You were a light that shined and shined eternally and lately it has become more apparent—your impact, your humanity and love for everyone, which cannot be duplicated nor denied. I grew up with you. I grew up with your voice. I was inspired by you. I think, if only for the length of “Flubber”, I might have even liked science! Your characters encouraged me to stand on desks and lose myself to art and creativity. They encouraged me to think happy thoughts and fight evil. They encouraged me not to think too hard and let the energies and voices inside of me scream and yell out, to sweat, move a mile a minute and to express myself. I’ve never been able to take golf seriously since listening to you create genius turning it into a comedy act. There was something about the way you bounced off the walls one second and then subsequently expressed the frightening calm that made me feel like my two extremes had a home. You didn’t show me that a balance was necessarily required, but that these two opposite sides of the spectrum had a place. I’m constantly reminded that there will never be another you. I can’t deal with these remakes of your original characters that were guided by your soul. Board games one moment and granting three wishes the next. I think lately it’s been your troubles that have drawn me closer to you. I wonder what you could have been going through and how lonely you must have felt. I wonder about this proximity. This proximity to so many things.
Your news has always been so terrible.

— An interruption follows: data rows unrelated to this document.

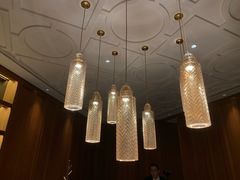 -A One Kitchen·南京精菜馆(德基广场店)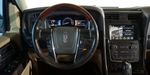 Lincoln Navigator 3.5 RESERVE 4WD L Suv 2016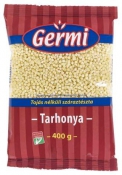 GYERM. GERMI TARHONYA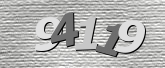 Image de sécurité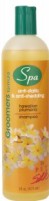 Pet Silk Spa - Hawaiian Plumeria Shampoo 16oz/473ml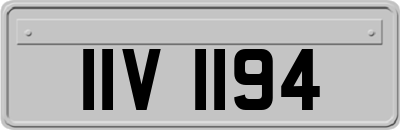 IIV1194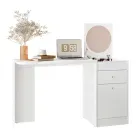 tocador_bertolini_desejo_blanco--5-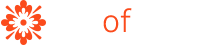 Cartofcraft.com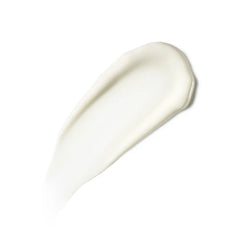 KIEHL'S-ULTRA LIGHT DAILY UV defense aqua gel PA++++ FPS50 30 ml-DrShampoo - Perfumaria e Cosmética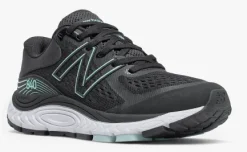 New W840V5 Women’s Running Shoe Women Women's Athletic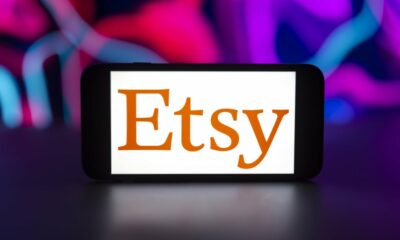 Etsy va interdire la vente de la plupart des jouets sexuels, du contenu explicite et plus encore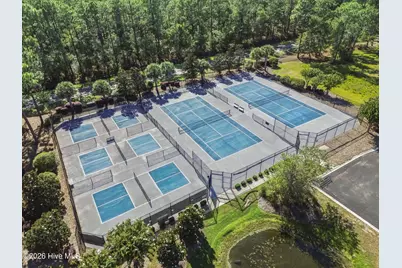 2144 Arnold Palmer Drive, Shallotte, NC 28470 - Photo 51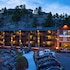 estes park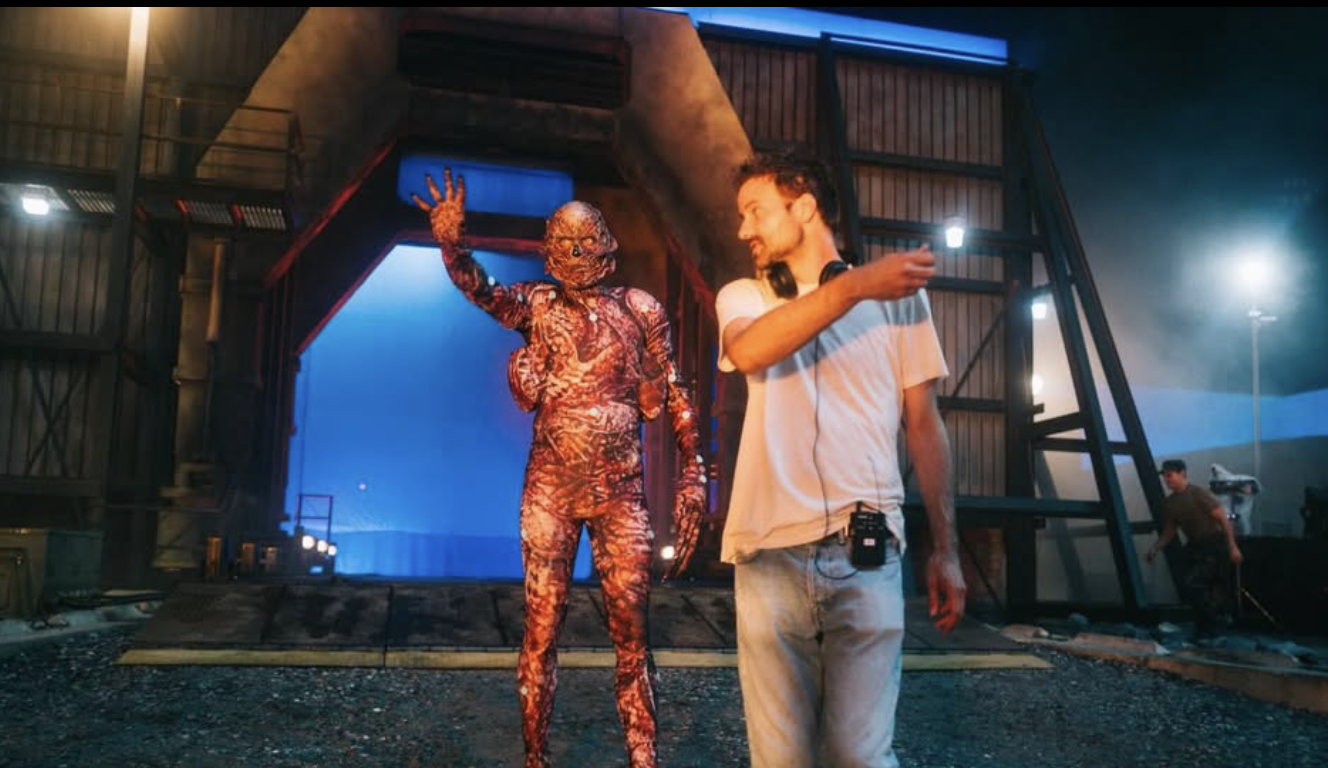 Screenshot 2025-12-21 at 1.27.07 PM.png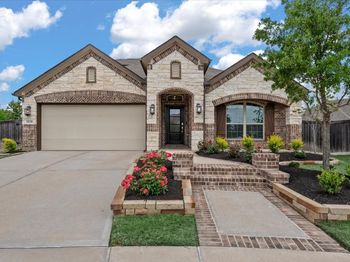 15138 Pilant Lake Court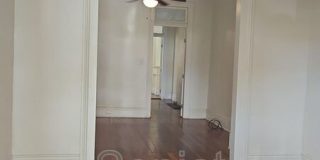 1910 Elysian Fields Ave Gallery 3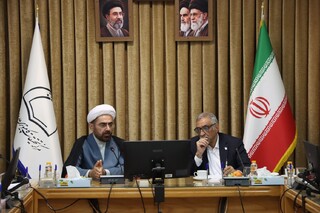 مرکز نور با فناوری‌های نوین پادزهر تهاجم به باورها را تولید می‌کند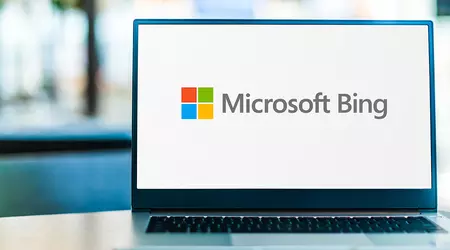 Microsoft ha annunciato un evento previsto per il 7 febbraio, durante il quale sono attese novità sull'integrazione di ChatGPT con Bing.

It hurt so much that day and it still hurts so much to this day. I wonder inside what those last moments could have been like and I hope more than anything that they were of peace and love. I hope that you know how much we all loved you and revered you. I know that fans loving a celebrity might make that love and reverence seem superficial, distant, or inauthentic, but it was so real to us. To me. I remember when I was in San Francisco for a little while and the family I had been staying with knew you because you lived in the same neighborhood. I think they had met you several times and used to see you often and knew your son or your family, but in all of those interactions they had with you there was this intense fondness and kindness and humility you displayed. There’s something to be said about those traits in a person. When you had every reason to have an inflated image of yourself you stayed true to your humanity. I grew up with “Jack.” I used to wonder what it might be like to grow that fast. I probably wondered the agony of having Jennifer Lopez as a teacher too, but that’s another story. Maybe I considered being a radio personality because of your performance in “Good Morning Vietnam” or a healing doctor in “Patch Adams” or “Awakenings.” I wondered what it might be like to be a divorced dad who would pretend to be an old lady babysitter to get their wife and kids back. Again, there are great actors and there are people who sink into those real life characters and make you start to think about those situations. To the point where they substitute you in to see how they might play out.
What are you up to now, Mr. Williams? Do you reflect on a wonderful life lived? Do you watch over your loved ones? Do you whisper suggestions with the hope that people will listen? As such a source of guidance in your films I do believe we keep our ears peeled for those words of wisdom. Maybe we watch your films religiously in the hope of finding new meaning in them. I know that the first time I watched “Dead Poet’s Society” after you had passed and we arrived at that final scene that I could not hold back my emotion. It was an imprint left in me since I was a child—a performance, but also a man that lived behind the performance, leaving me with those ingrained attachments that triggered an emotional response. That must be you. Inside all of us. Inside of me. Eternal and forever.
On your 70th birthday I give you words of love and appreciation and gratitude, as I’m sure everyone that adored you and was lucky enough to take part in your aura over all those years gives you as well. You are a shining sun. On a clear day. That breaks through the clouds. That waits patiently behind a storm. As all of these are. So were you. So are you. So will you be.
With love from down yonder, sent up to the heavens.